ヒアリング調査の記録方法 | ヒアリング実践講座 第10回
ヒアリング内容を記録する
ヒアリングしたものを記録する方法はたくさんあります。そのうちより特徴的なもの3つ紹介します。
- 記者メモ方式
- マインドマップ方式
- A4紙一枚方式
それぞれに一長一短があるので状況に合わせて使いこなせるのが理想です。
あるいは自身の得意不得意に合わせてお使いになるのが良いです。是非一度それぞれを試してみてしっくりくるモノを使って下さい。
記者メモ方式
基本的に相手が喋ったことをそのままメモします。可能であれば語尾や方言までメモします。(もちろんヒアリングが阻害されないようにするのが前提です。)
この方法は政治記者の方々が行っているメモ方法だそうです。
なぜ政治記者の方々がこのメモを行っているか?多くの政治家の話した内容を共有できると見えてくる新たな情報が出てくるそうですが、記者個人では会いにいける政治家の数が限られています。

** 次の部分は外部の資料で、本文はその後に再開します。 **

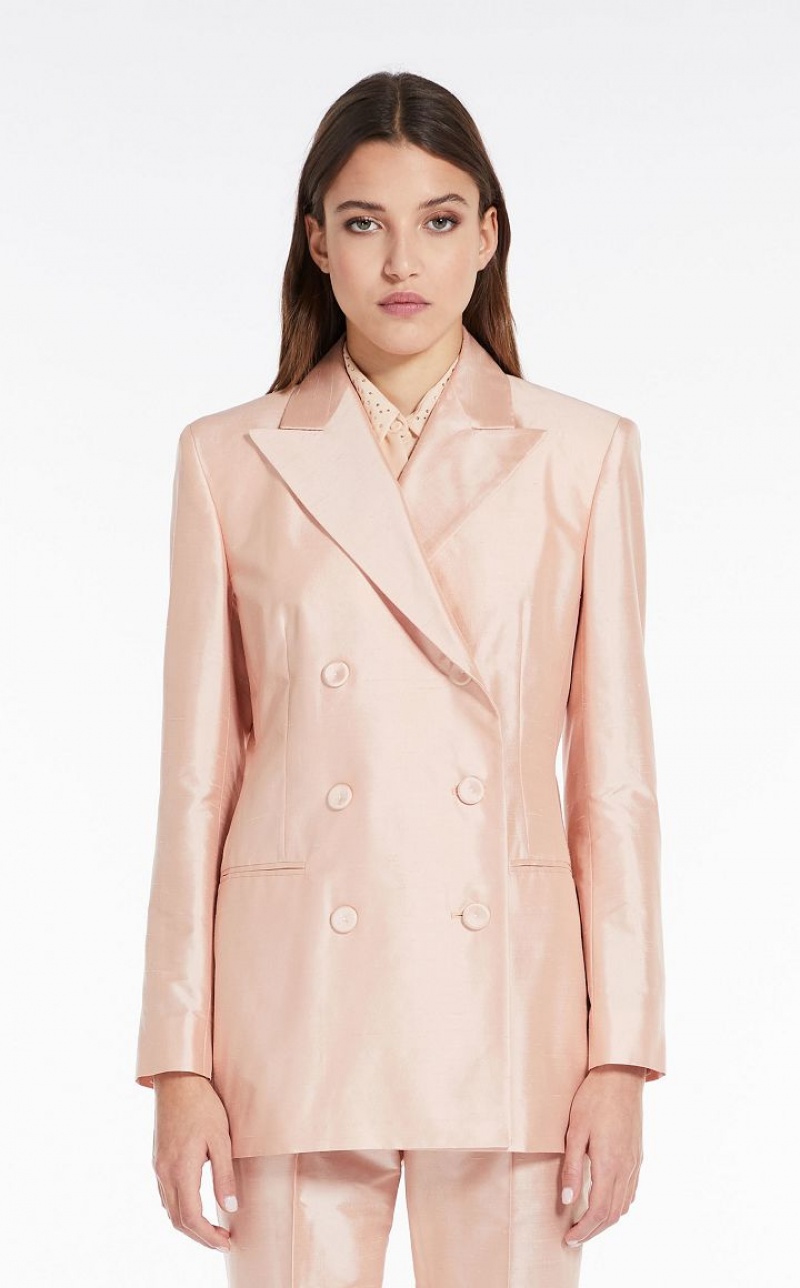 Casacos Max Mara Silk Shantung Luz Rosa | MMR594051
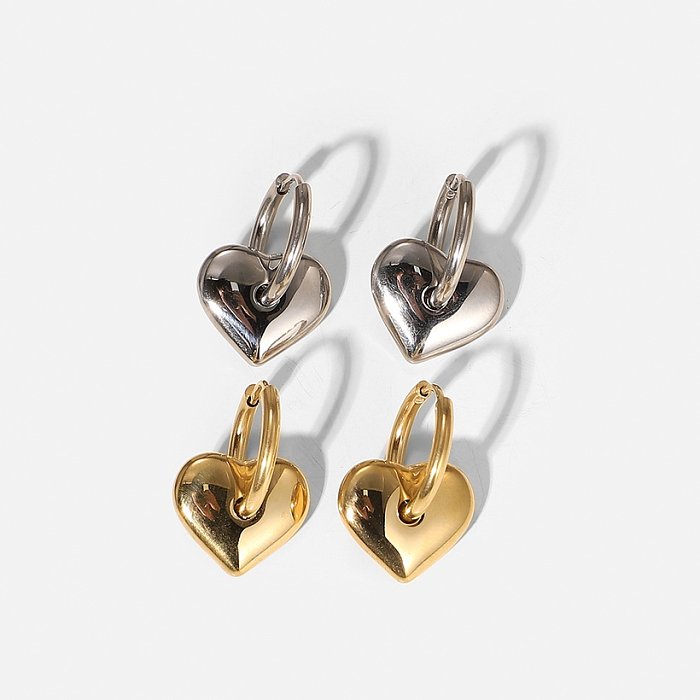 European and American solid heart pendant stainless steel earrings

そこで、記者同士が互いのインタビューの実況中継のようなメモを共有します。これによって臨場感をもってあったかも自身がインタビューしたような錯覚になれるそうです。この臨場感が大事です。言いよどんだとか、言い直したとかに人間の本心が現れやすいので語尾や方言もそのまま記載したほうがよいです。
一人一人が行うインタビュー数は多くなくてもチームとしては共有できているのでそれぞれの情報を繋げやすく、新たな発見をし易いです。
この方式のデメリットは単純かつシンプルな方法ゆえに、タイピング力や速記力が問われます。録音できるのであれば後ほど文字起こしする事もできます。ただ文字おこしにもインタビューと同じかそれ以上の時間がかかるので手間ひまかかります。
マインドマップ方式
マインドマップという方法でヒアリング中にメモを取ります。
参考:マインドマップ(wikipedia)
(著者:Danny Stevens)
中央に話題のコアを書き、そこから枝葉が伸びるようにメモをとります。一つの枝が同じ話題の大きな固まりとなります。
この方式のメリットは画面を一瞥すればどの話題の量が多くて、どの話題の量がすくないのかを全体感として把握することが出来ます。聞きたい項目などがあらかじめいくつかある場合など聞き漏らさないようにする時に使いやすいです。
そのため録音してのちほど文字おこしするのではなく、ヒアリング中に行うのがオススメです。ヒアリング中に足りない話題を把握できたらその場で聴く事ができるからです。ヒアリング中の補助ツールとしては申し分ないです。
デメリットとしてはマインドマップを使っていない人や専門ソフトを持っていない人に共有しづらいです。また話が多くなりすぎた時に大きくなりすぎて一瞥ではわからなくなってしまう事があります。
A4紙一枚方式
ヒアリング内容をA4一枚の紙のまとめる方法です。物理的にも手に取れて、どのくらい集まったかわかりやすく眺め見るのに適しています。
また、紙の四隅の部分にカテゴリやラベルを書くとソートしやすくなります。例えば左上に「住まい/性別/職業」を書いていたとします。
すると、例えば東京の住まいの人で揃えようとする時、パラパラ漫画をめくるように左上を弾くことでどの資料が何のカテゴリに属するのかがすぐ分かります。このように後から見返しながら新しい発見をするのに向いています。
デメリットとしては保存する場所とまとめる時間が必要になります。A4紙一枚にまとめるためにヒアリング中に行うのは難しいです。
まとめ
- ヒアリングの記録方法にも幾つか方法があり、状況により使い分けが大切。
- 記者メモ方式はチーム内での情報共有に向いています。
- マインドマップ方式は話題の偏りを判別しやすいです。
- A4紙一枚方式は後から見直すのが得意です。